Scientists had created precursors of kidney cells using stem cells as recently as last summer, but Izpisua Belmonte's team was the first to coax human stem cells into forming three-dimensional cellular structures similar to those found in kidneys. Their findings demonstrate for the first time that pluripotent stem cells (PSCs)—cells capable of differentiating into the many cells and tissue types that make up the body—can be made to develop into cells similar to those found in the ureteric bud, an early developmental structure of the kidneys, and then can be further differentiated into three-dimensional structures in organ cultures. The scientists accomplished this with both human embryonic stem cells and induced pluripotent stem cells (iPSCs), human cells from the skin that have been reprogrammed into their pluripotent state.

After generating iPSCs that demonstrated pluripotent properties and were able to differentiate into mesoderm, a germ cell layer from which the kidneys develop, the researchers made use of growth factors known to be essential during the natural development of kidneys to culture both iPSCs and embryonic stem cells. This was sufficient to commit the cells toward progenitors that exhibited clear characteristics of renal cells in only four days.

Izpisua Belmonte's team also tested their protocol on iPSCs from a patient clinically diagnosed with polycystic kidney disease (PKD), a genetic disorder characterized by multiple, fluid- filled cysts that can lead to decreased kidney function and kidney failure.
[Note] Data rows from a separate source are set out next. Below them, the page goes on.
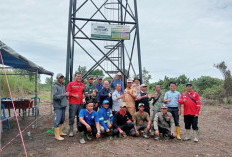 Belantara Foundation Dirikan Menara Pantau Gajah Liar di OKI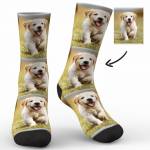 myface socksuk Profile Picture
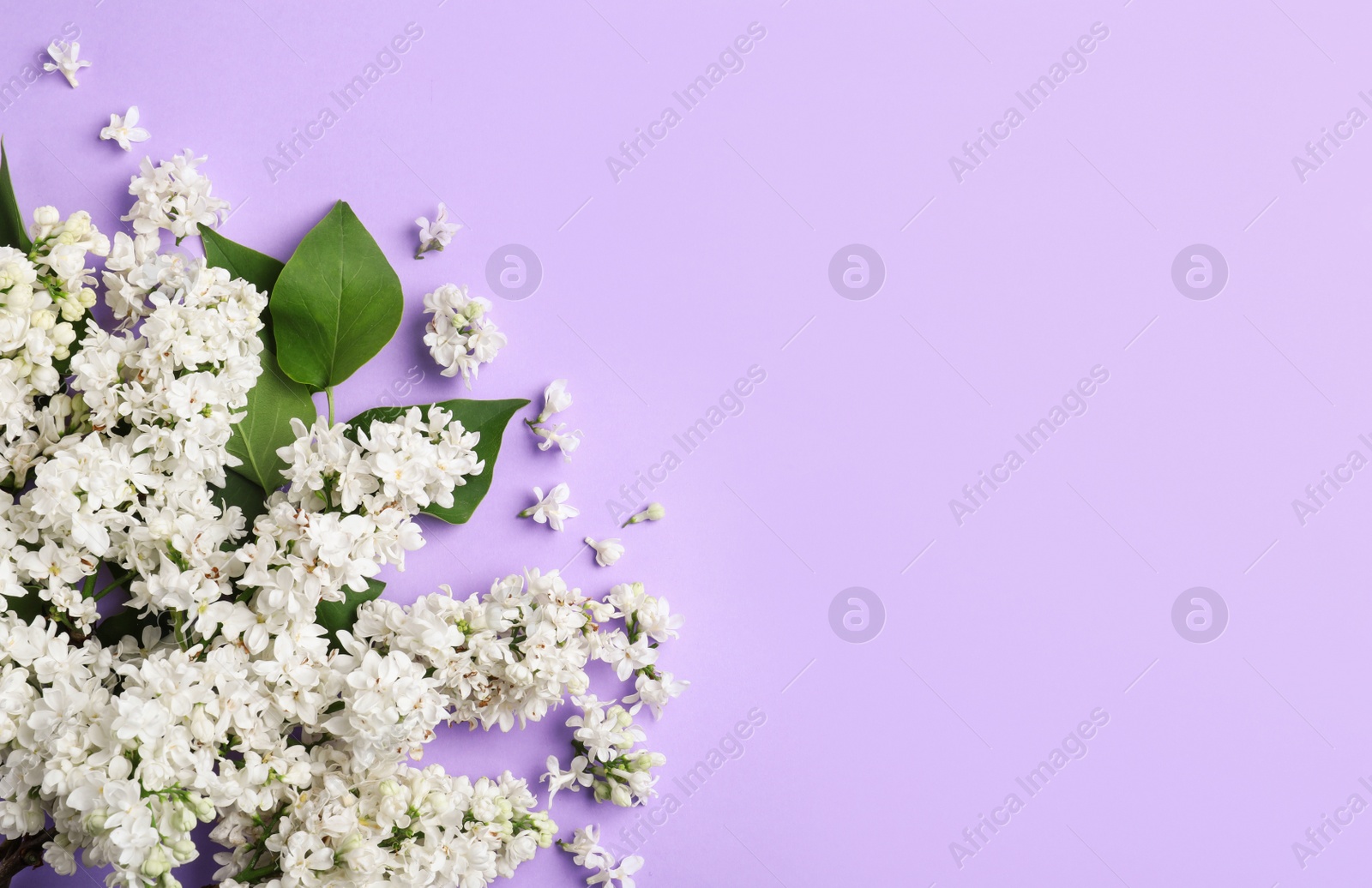 Photo of Blossoming lilac flowers on color background, flat lay. Space for text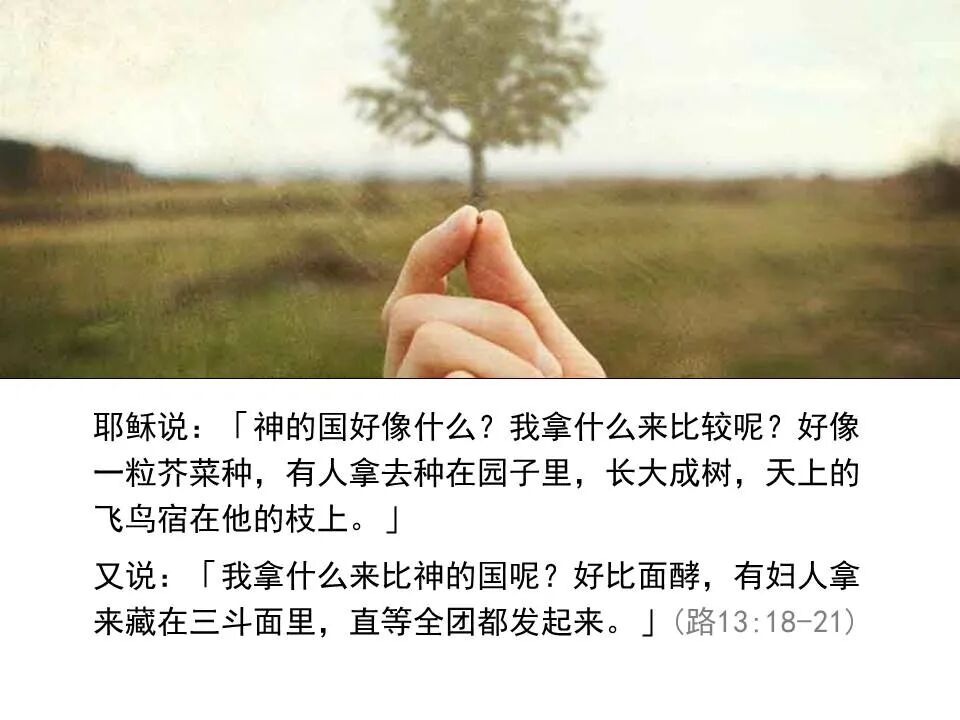 圣经图表——《路加福音》中(图97)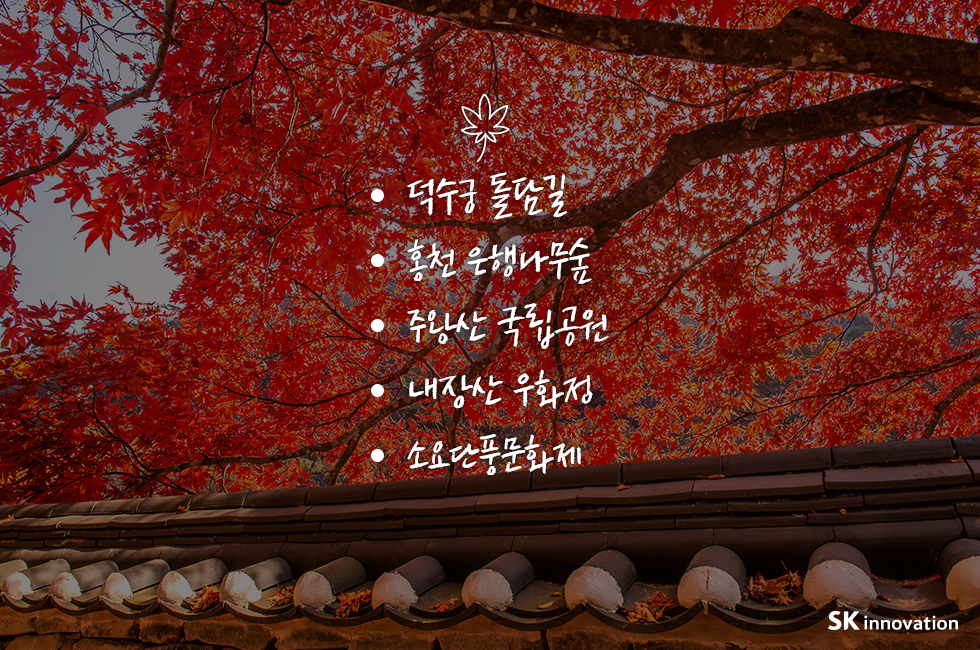 단풍시기_본문_03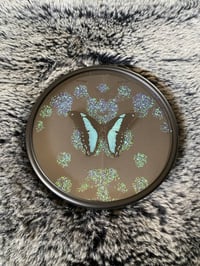 Image 2 of Papilio bromius glittery ambiguous ink blot
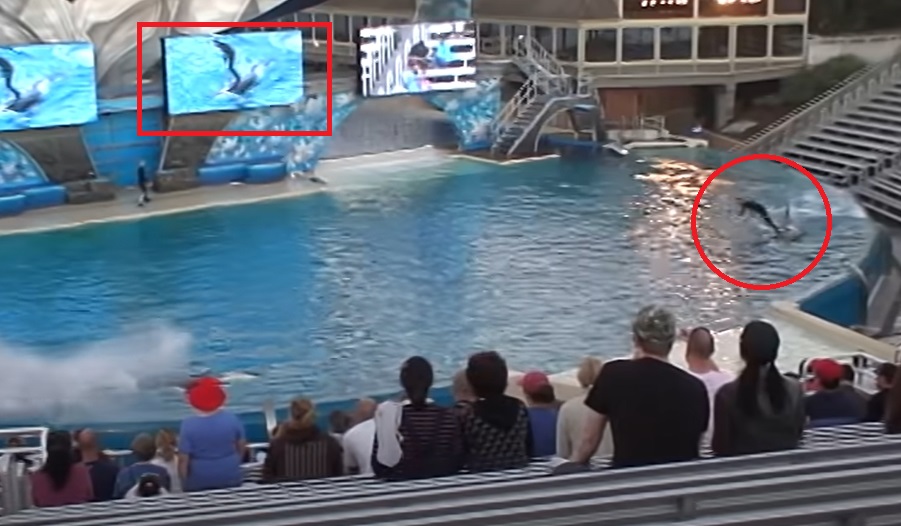 ВОЗНЕМИРУВАЧКА ГЛЕТКА НА БАЗЕН: Тренер исчезна под водата кога беше зграбен од кит убиец! (ВИДЕО)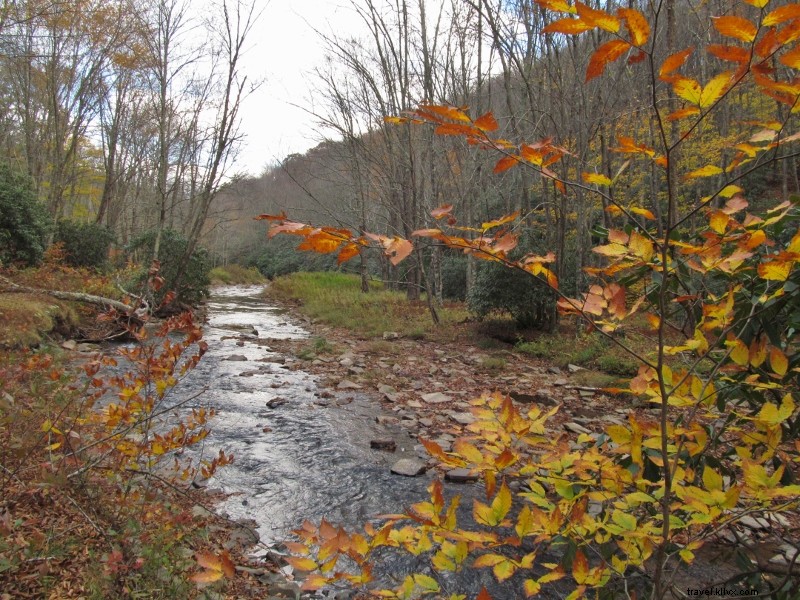 Uncover Virginia s Hidden Outdoor Gems: Lesser-Known Trails, Waterfalls, and Adventures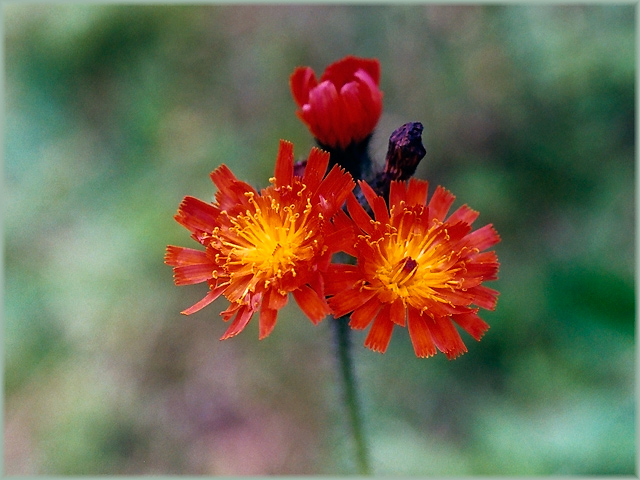 Orange Hawkweed (Hieracium aurantiacum)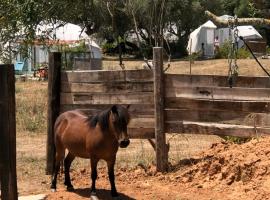 Forest Domes, campismo de luxo em Setúbal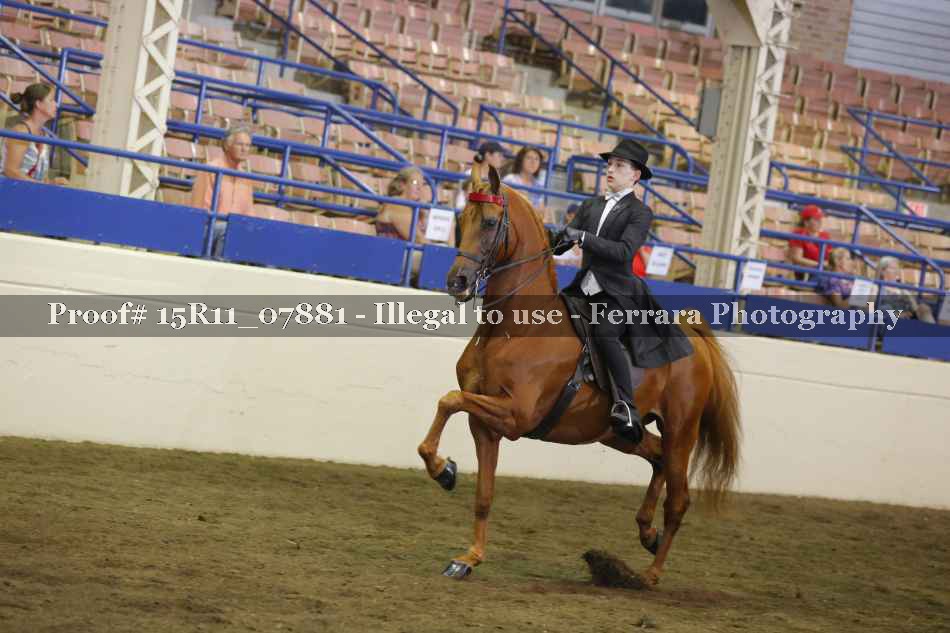 Proof 15R11_07881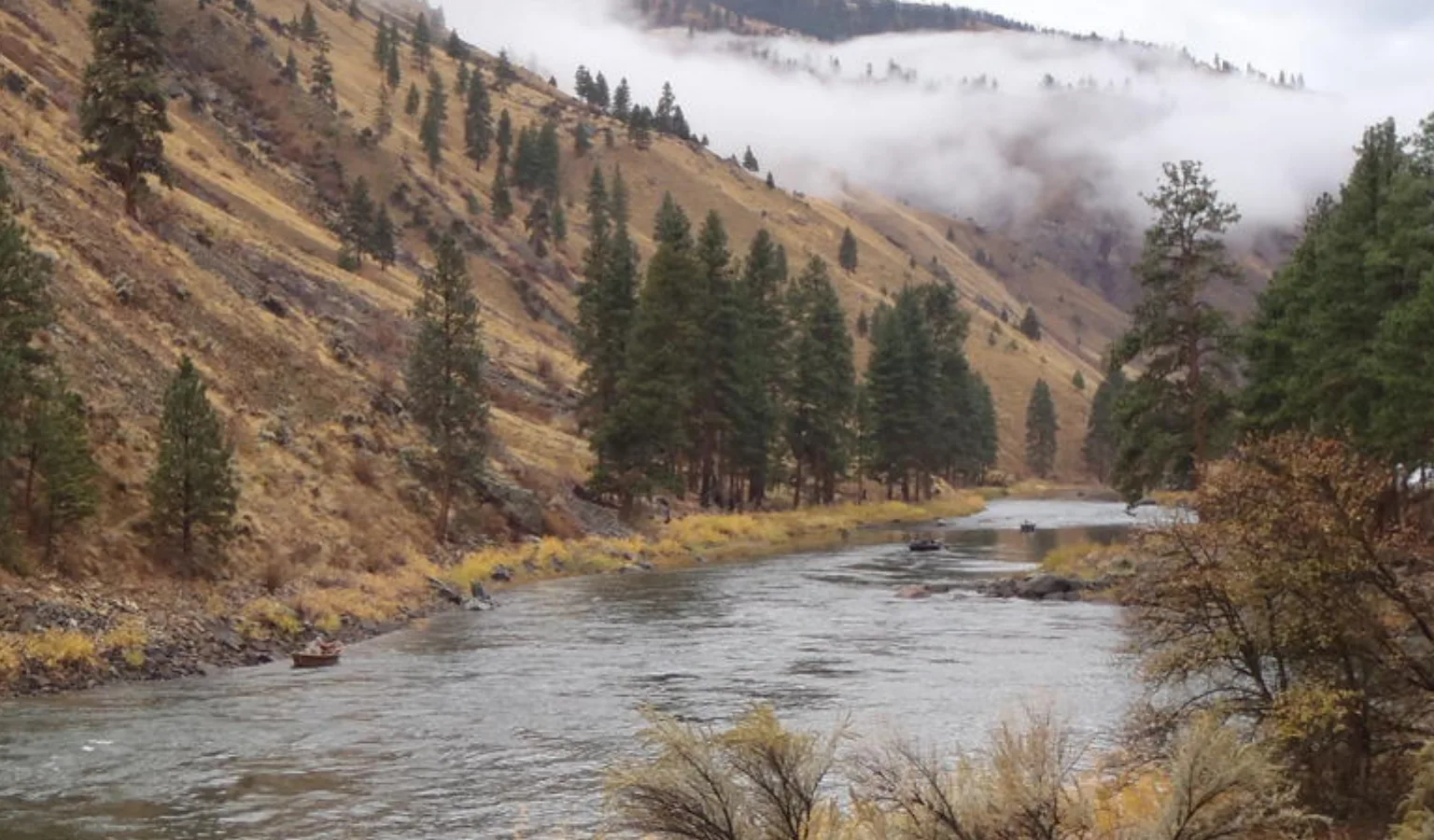 Upper Salmon River Steelhead Fishing Report 10.14.26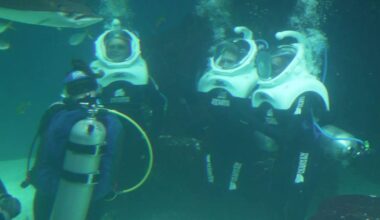 Florida Aquarium partnership offers teens underwater adventure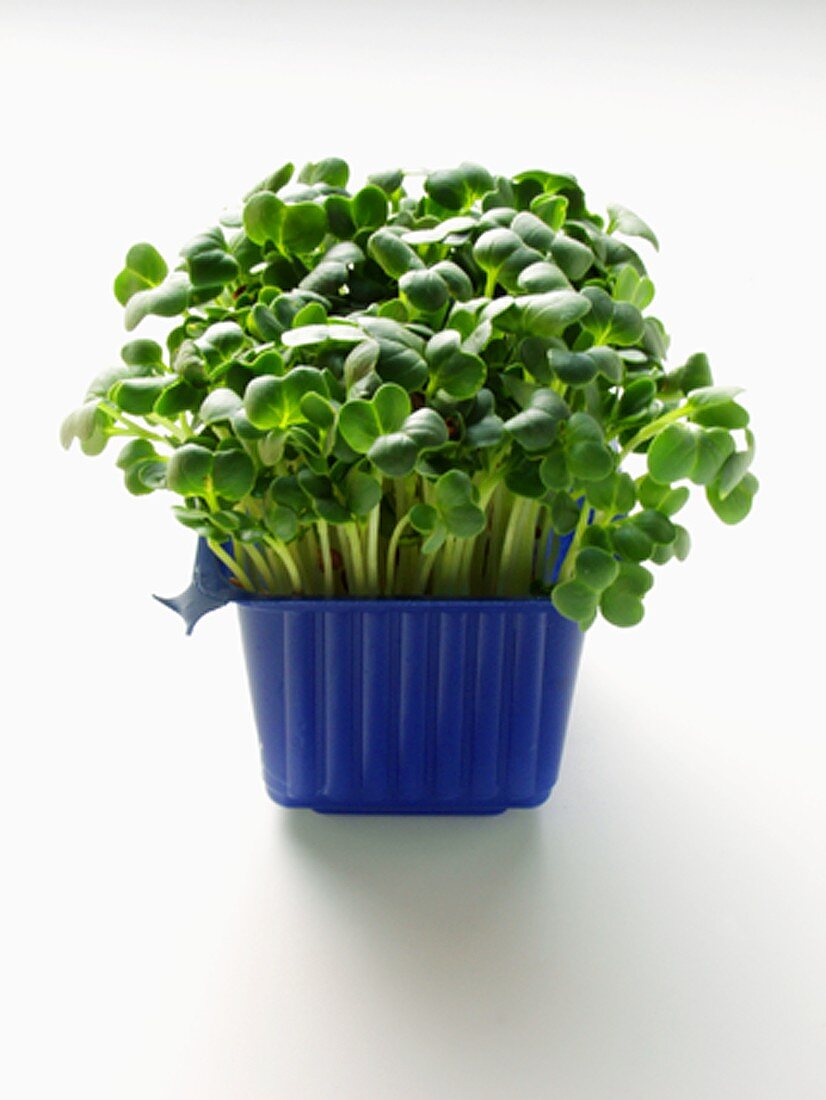 Japanese Daikon cress in plastic punnet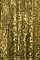 Garment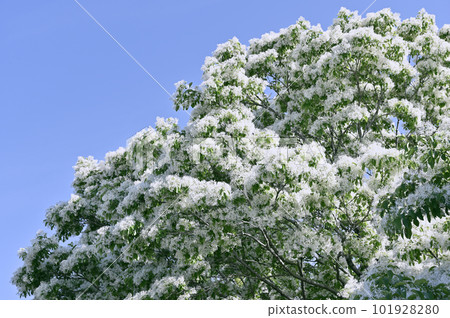 Hutsubutago in full bloom 101928280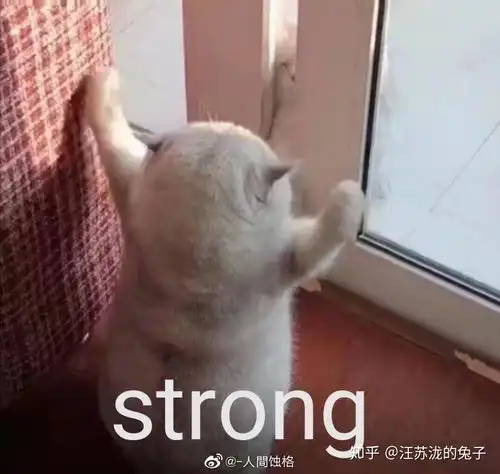  给我推荐点表情包吧各种都行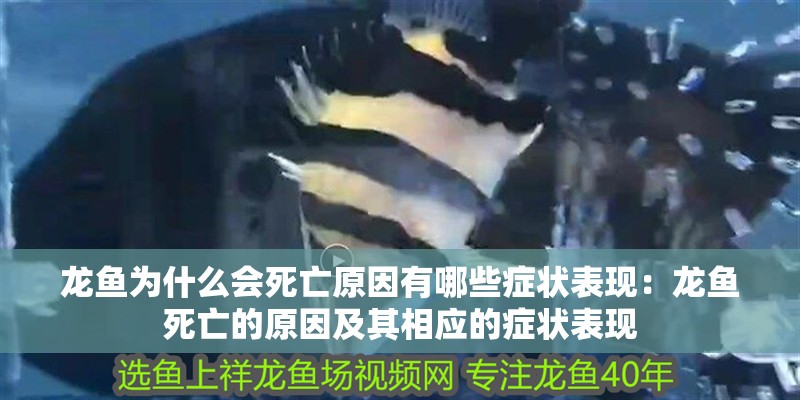 龍魚為什么會死亡原因有哪些癥狀表現：龍魚死亡的原因及其相應的癥狀表現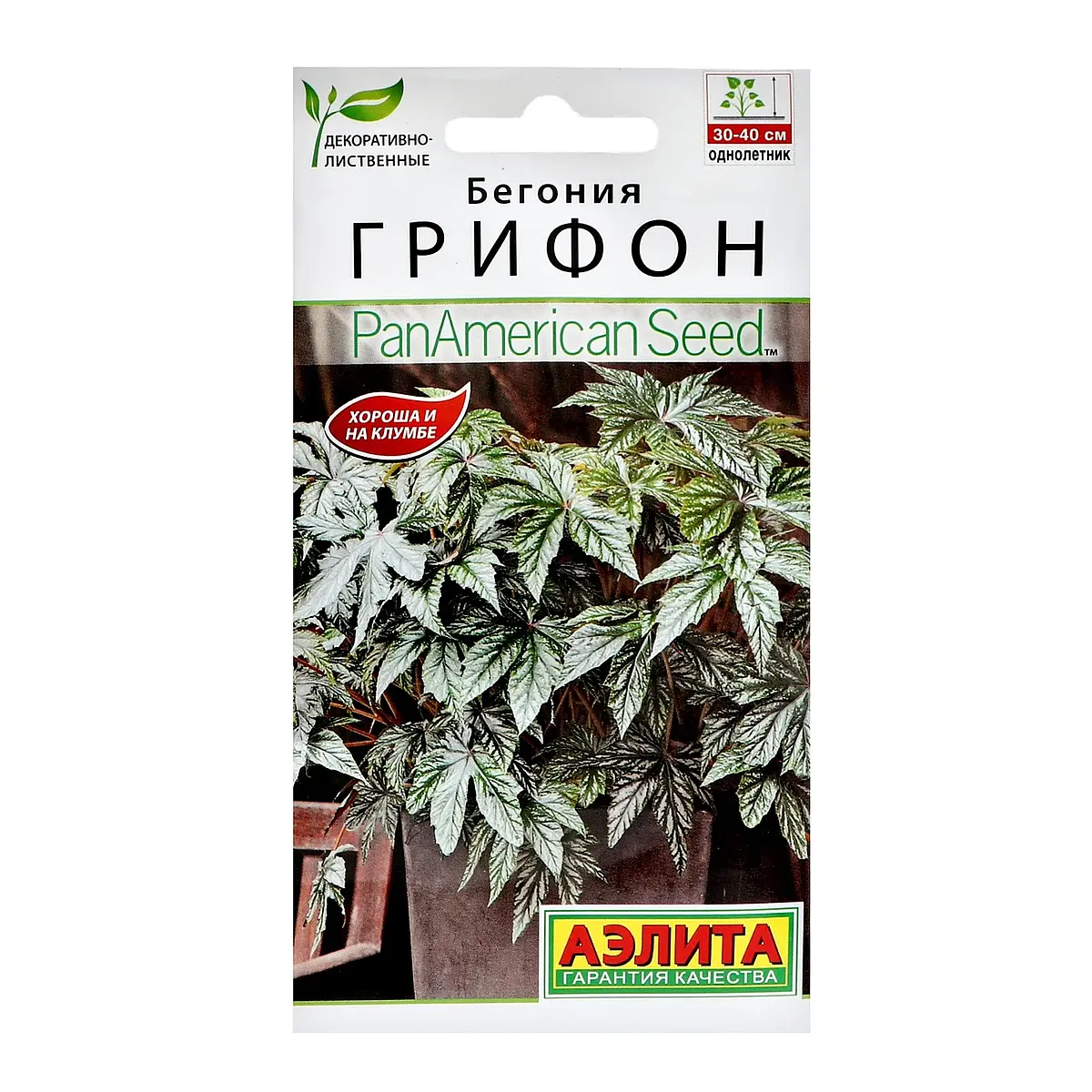 Семена цветов бегония — для огород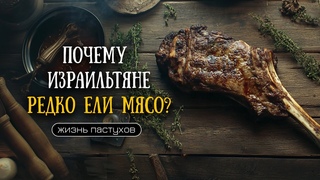 Как на самом деле жили библейские патриархи? Пастухи в Израиле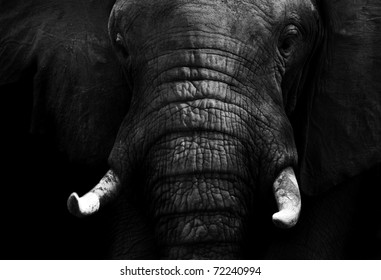 Elephant close up - Powered by Shutterstock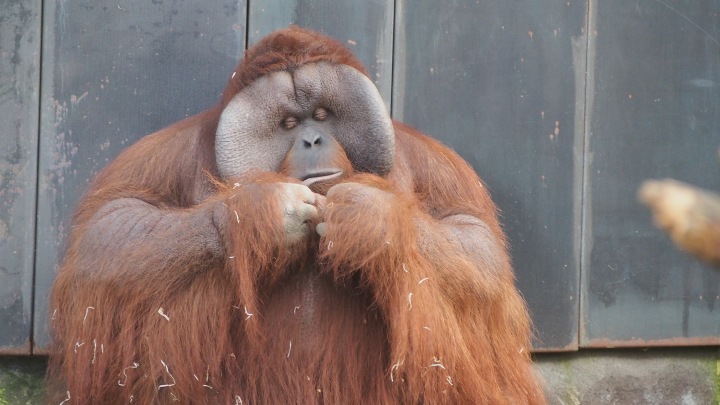 Big Daddy Orangutan Barcelona zoo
They found their methodology could produce kidney structures from patient-derived iPSCs. Because of the many clinical manifestations of the disease, neither gene- nor antibody-based therapies are realistic approaches for treating PKD. Izpisua Belmonte's technique might help circumvent this obstacle and provide a reliable platform for pharmaceutical companies and investigators studying drug-based therapeutics for PKD and other kidney conditions.